Performers appreciated the unique venue, with the industrial ambiance of the museum campus and the immediate North Adams neighborhoods surrounding it, as well as the big sky and Berkshire Mountains. It was all so different from the rural fields that typically host such festivals, and the energy was something special, too.
“When you’re at a festival in a field surrounded by trees, that’s an automatic kind of ambiance you’ve got there. But this energy was created by people there, the way it was run,” says Rhiannon Giddens, who brings her Grammy-winning band, the Carolina Chocolate Drops, for a return performance this year. The first FreshGrass was a small success where, according to Thompson, “musicians threatened to outnumber audience.” A few hundred attendees were enough for the museum to see the festival’s potential and move forward with it. “We figured it was a good experiment to track interest, to learn, to hone our idea of what FreshGrass might be,” says Sue Killam, the museum’s managing director for the performing arts and film.
The festival quadrupled attendance in 2012 and doubled again in 2013. The expectation of 5,000 attendees for this year’s festival, held September 19–21, is proof that the investment has paid off. FreshGrass has a recognizable identity, no longer a secondary notion for music fans looking for a different kind of festival experience.
It was important to MASS MoCA that FreshGrass be not just audiences and stages, and wide participation has been a major goal. A partnership with the Berklee College of Music brings in a number of musical workshops. This year, for example, No Depression, the indie-alternative-country online community, will offer a seminar on music writing, something for non-musicians who want to participate.
North Adams–based guitar craftsman and luthier Steve Sauvé previously participated in a festival workshop, and he’ll return again this year. “It’s really a pretty amazing thing for North Adams, to see that upper echelon of the acoustic music world in town and also that influx of people,” Sauvé says.
The festival also reaches out to developing musicians with a trio of competitions for its FreshGrass Award. The band competition was first offered in 2013 and has now been expanded to include duo and solo-banjo contests. A coveted prize is a spot in next year’s festival, a major opportunity for an unknown musician.

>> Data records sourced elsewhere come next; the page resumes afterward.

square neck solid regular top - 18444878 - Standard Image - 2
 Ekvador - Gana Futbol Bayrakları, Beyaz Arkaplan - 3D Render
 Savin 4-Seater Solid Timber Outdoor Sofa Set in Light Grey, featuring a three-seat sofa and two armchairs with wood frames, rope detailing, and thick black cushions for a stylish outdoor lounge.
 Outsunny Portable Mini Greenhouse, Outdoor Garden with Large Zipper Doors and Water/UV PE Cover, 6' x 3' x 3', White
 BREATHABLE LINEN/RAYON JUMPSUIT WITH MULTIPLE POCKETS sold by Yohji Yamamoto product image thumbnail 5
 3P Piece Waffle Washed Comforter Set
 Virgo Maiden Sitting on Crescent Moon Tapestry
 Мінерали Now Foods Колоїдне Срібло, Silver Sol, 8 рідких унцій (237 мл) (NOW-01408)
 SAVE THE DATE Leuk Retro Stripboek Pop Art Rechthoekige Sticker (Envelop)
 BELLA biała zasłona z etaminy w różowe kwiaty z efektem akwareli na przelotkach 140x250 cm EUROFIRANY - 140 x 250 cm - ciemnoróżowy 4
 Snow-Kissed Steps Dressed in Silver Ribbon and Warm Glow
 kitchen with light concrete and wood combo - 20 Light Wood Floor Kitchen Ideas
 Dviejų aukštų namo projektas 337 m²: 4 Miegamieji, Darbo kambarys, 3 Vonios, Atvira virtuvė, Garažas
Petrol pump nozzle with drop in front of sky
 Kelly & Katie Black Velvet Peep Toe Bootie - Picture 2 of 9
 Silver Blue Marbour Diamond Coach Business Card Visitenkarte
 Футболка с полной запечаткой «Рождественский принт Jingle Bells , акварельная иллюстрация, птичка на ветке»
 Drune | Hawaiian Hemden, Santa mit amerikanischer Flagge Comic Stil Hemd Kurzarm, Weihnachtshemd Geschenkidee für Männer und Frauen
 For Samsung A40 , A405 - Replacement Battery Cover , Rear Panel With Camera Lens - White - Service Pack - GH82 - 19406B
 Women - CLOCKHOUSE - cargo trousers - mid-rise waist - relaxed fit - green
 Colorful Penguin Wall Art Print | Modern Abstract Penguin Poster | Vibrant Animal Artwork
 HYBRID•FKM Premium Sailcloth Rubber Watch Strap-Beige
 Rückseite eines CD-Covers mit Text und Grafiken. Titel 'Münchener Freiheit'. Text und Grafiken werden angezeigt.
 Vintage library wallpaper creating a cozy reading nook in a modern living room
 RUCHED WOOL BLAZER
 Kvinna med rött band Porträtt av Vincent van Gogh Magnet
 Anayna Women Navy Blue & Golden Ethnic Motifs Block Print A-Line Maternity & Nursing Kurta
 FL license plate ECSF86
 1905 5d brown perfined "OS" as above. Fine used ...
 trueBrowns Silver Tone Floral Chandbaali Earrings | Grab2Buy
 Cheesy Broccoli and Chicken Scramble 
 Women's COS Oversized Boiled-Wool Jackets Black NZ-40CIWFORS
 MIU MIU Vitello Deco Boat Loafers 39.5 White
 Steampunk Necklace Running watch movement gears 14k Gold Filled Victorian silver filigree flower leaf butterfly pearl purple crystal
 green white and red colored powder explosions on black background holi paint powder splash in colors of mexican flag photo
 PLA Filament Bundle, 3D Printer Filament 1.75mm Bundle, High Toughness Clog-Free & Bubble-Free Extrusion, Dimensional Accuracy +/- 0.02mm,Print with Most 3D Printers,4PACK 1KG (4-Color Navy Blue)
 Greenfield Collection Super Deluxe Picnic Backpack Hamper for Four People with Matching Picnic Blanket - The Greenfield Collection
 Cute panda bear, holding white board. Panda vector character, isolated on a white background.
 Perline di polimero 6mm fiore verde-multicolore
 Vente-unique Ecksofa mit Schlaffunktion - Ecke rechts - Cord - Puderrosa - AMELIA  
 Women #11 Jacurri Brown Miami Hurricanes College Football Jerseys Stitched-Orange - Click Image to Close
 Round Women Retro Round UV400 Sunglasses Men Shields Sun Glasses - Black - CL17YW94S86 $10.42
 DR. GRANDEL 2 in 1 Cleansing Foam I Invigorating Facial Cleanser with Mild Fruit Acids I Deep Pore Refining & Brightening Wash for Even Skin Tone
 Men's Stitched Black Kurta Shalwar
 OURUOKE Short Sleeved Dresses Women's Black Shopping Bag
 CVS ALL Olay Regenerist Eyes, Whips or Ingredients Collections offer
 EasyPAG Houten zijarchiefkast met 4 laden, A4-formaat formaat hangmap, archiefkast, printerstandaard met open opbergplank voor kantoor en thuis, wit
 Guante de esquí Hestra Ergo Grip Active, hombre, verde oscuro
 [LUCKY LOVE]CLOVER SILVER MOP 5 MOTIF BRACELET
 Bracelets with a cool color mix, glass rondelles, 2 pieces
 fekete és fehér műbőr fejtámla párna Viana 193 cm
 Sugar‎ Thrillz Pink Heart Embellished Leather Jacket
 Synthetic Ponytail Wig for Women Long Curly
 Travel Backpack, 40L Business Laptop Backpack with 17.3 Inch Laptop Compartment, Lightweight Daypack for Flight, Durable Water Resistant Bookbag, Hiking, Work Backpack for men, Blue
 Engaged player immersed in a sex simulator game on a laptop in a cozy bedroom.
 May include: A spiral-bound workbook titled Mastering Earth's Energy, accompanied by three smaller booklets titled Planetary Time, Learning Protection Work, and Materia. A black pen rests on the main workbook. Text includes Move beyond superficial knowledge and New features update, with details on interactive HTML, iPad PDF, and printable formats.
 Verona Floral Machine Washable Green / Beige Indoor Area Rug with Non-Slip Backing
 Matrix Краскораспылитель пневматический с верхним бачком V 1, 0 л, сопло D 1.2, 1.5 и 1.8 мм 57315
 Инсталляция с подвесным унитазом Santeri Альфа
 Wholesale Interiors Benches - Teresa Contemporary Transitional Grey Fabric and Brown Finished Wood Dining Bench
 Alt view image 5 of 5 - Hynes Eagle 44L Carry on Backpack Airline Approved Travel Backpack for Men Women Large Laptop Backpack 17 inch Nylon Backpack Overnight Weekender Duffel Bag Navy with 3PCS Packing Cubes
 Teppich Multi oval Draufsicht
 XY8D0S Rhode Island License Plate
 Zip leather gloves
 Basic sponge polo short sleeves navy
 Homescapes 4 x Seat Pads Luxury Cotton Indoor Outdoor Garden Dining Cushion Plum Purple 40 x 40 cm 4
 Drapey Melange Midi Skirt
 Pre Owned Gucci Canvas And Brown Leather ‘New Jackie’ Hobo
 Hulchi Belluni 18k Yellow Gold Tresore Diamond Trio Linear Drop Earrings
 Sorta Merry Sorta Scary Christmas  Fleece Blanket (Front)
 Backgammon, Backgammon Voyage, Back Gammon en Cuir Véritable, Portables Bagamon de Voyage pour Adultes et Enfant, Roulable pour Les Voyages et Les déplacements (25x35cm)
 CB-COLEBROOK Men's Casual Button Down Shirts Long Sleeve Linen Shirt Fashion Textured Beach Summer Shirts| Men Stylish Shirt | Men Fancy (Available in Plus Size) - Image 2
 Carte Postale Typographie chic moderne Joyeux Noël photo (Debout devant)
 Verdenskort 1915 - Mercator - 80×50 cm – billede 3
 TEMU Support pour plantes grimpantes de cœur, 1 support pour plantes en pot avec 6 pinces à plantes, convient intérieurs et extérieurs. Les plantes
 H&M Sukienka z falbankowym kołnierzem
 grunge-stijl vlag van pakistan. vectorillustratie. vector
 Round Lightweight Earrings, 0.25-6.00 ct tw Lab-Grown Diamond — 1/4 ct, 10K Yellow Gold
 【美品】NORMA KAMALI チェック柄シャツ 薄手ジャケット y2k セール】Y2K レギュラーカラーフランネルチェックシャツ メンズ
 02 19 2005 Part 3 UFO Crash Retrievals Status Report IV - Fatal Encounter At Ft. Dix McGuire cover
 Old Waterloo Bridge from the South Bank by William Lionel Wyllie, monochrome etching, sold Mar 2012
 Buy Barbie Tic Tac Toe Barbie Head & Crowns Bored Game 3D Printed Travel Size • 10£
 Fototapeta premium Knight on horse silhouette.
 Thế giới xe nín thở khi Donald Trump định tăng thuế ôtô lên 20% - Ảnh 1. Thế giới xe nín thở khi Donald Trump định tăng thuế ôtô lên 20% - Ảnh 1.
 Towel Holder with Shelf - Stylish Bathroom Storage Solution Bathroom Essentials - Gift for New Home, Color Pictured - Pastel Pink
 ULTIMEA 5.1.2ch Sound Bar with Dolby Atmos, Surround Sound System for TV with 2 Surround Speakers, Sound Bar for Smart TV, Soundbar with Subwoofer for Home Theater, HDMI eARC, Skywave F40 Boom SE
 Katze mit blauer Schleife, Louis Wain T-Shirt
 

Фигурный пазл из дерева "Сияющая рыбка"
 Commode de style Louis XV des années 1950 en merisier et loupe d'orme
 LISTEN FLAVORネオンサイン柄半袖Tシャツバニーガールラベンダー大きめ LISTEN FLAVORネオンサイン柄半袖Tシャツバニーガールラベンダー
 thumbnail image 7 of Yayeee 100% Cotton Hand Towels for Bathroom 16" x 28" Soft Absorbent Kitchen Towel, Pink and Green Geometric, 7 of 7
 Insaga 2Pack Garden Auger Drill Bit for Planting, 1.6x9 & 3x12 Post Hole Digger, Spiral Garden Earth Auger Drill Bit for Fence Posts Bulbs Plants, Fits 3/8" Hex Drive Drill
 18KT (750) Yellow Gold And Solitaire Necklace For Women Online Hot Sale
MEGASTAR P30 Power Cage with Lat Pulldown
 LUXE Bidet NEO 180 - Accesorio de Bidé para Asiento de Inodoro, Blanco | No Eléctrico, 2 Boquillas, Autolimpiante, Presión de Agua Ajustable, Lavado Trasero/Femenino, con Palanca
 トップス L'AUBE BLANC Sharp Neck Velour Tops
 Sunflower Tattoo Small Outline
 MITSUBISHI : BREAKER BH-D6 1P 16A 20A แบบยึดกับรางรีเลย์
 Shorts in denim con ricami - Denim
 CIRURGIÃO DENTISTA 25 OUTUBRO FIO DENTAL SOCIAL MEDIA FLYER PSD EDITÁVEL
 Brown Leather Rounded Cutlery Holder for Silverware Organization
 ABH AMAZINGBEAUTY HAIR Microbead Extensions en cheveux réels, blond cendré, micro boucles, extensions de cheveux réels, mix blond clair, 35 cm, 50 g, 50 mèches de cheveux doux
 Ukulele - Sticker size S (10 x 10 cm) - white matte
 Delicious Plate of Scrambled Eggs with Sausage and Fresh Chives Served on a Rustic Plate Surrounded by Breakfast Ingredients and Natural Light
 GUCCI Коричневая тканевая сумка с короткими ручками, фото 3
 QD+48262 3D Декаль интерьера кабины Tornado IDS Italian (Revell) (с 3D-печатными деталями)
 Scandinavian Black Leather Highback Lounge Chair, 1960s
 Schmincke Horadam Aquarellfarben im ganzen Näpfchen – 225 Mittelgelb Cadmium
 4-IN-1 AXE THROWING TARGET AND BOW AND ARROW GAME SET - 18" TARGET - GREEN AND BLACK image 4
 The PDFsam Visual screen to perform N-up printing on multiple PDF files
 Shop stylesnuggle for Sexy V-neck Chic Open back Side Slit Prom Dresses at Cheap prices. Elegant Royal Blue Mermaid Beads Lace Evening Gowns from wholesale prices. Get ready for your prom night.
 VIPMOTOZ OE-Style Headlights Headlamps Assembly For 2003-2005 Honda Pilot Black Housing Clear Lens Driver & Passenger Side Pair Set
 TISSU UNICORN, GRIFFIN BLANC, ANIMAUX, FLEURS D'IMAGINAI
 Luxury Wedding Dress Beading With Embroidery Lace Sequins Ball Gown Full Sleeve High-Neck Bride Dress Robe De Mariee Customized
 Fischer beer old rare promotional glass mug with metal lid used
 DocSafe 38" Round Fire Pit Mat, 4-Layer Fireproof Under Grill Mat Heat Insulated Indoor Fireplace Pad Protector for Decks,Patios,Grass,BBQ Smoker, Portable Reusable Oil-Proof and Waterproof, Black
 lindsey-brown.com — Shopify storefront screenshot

“There aren’t a lot of contests at this level,” Wadsworth says. “The idea was if we could produce a contest with a good purse that also had the requirement of bringing some new, original music, that we might get some really interesting new acts. Help them, help us; everyone learns at the same time.”
“Years ago the contest circuit was an invaluable way for young players to get experience playing in front of an audience and gain exposure,” regular festival performer, bluegrass musician Alison Brown says. “I’m really glad FreshGrass has brought this tradition back.”
The festival features numerous pop-up concerts throughout the museum as well as impromptu performances by attendees, many of them local, who bring along their instruments. It’s all a part of making the festival as interactive as possible. Says MASS MoCA’s deputy director Larry Smallwood, “Even if bluegrass isn’t your thing, you’ll still have a great time.”